Il valore pro capite del reddito è quantificato in 12386 euro, pari al 71,6% della media italiana. Nello specifico si assiste ad un sensibile calo, in termini assoluti, del patrimonio complessivo delle famiglie, diminuito tra il 2011 e il 2012 di oltre 2 miliardi di euro, anche per una continua revisione al ribasso dei valori immobiliari.
Prendendo i dati dei consumi delle famiglie nel suo complesso, il valore pro capite per la provincia reggina ammonta in totale, per l’ultimo anno di riferimento (2012) a 13.099 euro.
Come detto le difficoltà del mercato del lavoro condizionano redditi e consumi.
Tra il 2004 e il 2013 la forza lavoro nel reggino ha registrato costanti diminuzioni in termini numerici, qualcosa come oltre 28 mila unità, a fronte di un generale aumento registrato in Italia nello stesso decennio. E nel 2013, nel solo territorio della provincia reggina sono stati persi circa 10 mila posti di lavoro rispetto al 2012. Il tasso di occupazione, lo scorso anno si è ridotto ancora, raggiungendo il 38,3%, valore leggermente più basso rispetto a quello regionale del 39%, ma distante di ben 20 punti percentuali rispetto al dato nazionale.

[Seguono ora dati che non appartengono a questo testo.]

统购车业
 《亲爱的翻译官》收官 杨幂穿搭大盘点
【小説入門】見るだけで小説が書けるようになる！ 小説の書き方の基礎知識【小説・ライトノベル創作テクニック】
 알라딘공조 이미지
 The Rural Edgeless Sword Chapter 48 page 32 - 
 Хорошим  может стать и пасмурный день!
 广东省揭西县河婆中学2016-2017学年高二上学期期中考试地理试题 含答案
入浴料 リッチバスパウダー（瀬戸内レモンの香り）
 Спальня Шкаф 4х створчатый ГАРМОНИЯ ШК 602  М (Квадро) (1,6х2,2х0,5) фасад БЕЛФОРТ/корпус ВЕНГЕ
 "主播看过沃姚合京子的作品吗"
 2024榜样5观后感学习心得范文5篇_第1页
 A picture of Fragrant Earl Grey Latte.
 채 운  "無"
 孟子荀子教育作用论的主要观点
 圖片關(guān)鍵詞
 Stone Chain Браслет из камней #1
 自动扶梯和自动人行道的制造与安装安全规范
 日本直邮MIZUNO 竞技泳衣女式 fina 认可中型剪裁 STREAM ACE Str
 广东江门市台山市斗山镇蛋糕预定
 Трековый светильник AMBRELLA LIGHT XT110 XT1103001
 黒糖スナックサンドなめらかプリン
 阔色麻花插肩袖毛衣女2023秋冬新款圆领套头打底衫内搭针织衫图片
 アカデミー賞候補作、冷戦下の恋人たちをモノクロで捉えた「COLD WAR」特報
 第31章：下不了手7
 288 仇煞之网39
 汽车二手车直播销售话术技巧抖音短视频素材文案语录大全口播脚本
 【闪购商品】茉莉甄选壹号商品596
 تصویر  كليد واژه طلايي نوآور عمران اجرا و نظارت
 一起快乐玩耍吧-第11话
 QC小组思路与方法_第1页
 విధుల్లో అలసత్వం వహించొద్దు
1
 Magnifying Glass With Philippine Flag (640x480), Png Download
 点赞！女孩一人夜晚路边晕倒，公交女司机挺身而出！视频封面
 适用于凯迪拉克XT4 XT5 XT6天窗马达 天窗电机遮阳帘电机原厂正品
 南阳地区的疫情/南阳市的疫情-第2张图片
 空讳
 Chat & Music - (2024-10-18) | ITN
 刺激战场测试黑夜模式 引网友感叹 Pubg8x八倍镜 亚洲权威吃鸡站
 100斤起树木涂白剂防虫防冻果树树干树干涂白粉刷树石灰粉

I disoccupati sono dunque aumentati nel 2013 a ben 8 mila unità rispetto all’anno precedente, attestandosi in totale a 37400, circa ¼ del totale regionale che l’anno scorso ha toccato quota 150 mila unità.
Il tasso di disoccupazione, rispetto all’11,3% del 2009, è raddoppiato raggiungendo il 20,5% (in Italia è al 12,2%). In questo quadro la disoccupazione giovanile è pari al 62,5% (fascia d’età tra i 15 e 24 anni) e vicinia al 30% nella fascia decennale superiore (25 – 34 anni).

Il credito
Sul punto il presidente Dattola vorrebbe vederci chiaro. Perché ii dati vanno anallizati a fondo. Basta pensare che i depositi presso le banche del reggino, nel 2013, riconducibili a imprese, famiglie e settori della pubblica amministrazione, ammontano a 7 miliardi di euro, pari a circa il 28% dei depositi bancari di tutta la regione. Ma diversamente dai depositi, risultano in diminuzione gli impieghi bancari (-2,4% rispetto al 2012), assestandosi a un importo totale di circa 4 miliardi e mezzo di euro. In altre parole solo quest’ultima cifra viene reimmessa sul territorio, e quando lo si fa le banche preferiscono gli enti pubblici (+4,8%) e non le famiglie (-1,1%). Ma sono soprattutto gli impieghi a favore delle imprese a subire la maggiore contrazione maggiore (-5,5%).
Aumenta in provincia anche la rischiosità del credito: nel 2013 il rapporto tra sofferenza e impieghi concessi alle imprese locali sfiora il 30% (in Italia 13%). I tassi d’interesse? Il costo di una linea di credito nel reggino è significativamente superiore rispetto al livello nazionale: 9,5% contro 6,8%.

Turismo
In questo caso i dati si riferiscono alle rilevazioni Istat più reenti, e quindi al 2012. L’offerta ricettiva reggina si assesta ad un misero 10% rispetto a quella regionale. Reggio rimane la meta del turismo ‘’mordi e fuggi’’: mediamente la permanenza dei turisti nella nostra provincia è stata di 3,3, notti che rappresenta un valore comunque in aumento rispetto al 2009 quando la media era di 2,8 notti. I turisti nella nostra provincia nel 2012 sono stati 224 mila (+0,8 rispetto all’anno precedente) con un ancora modesto flusso di turisti stranieri, pari nel 2012 a poco più di 29 mila, con una incidenza percentuale di appena il 13%.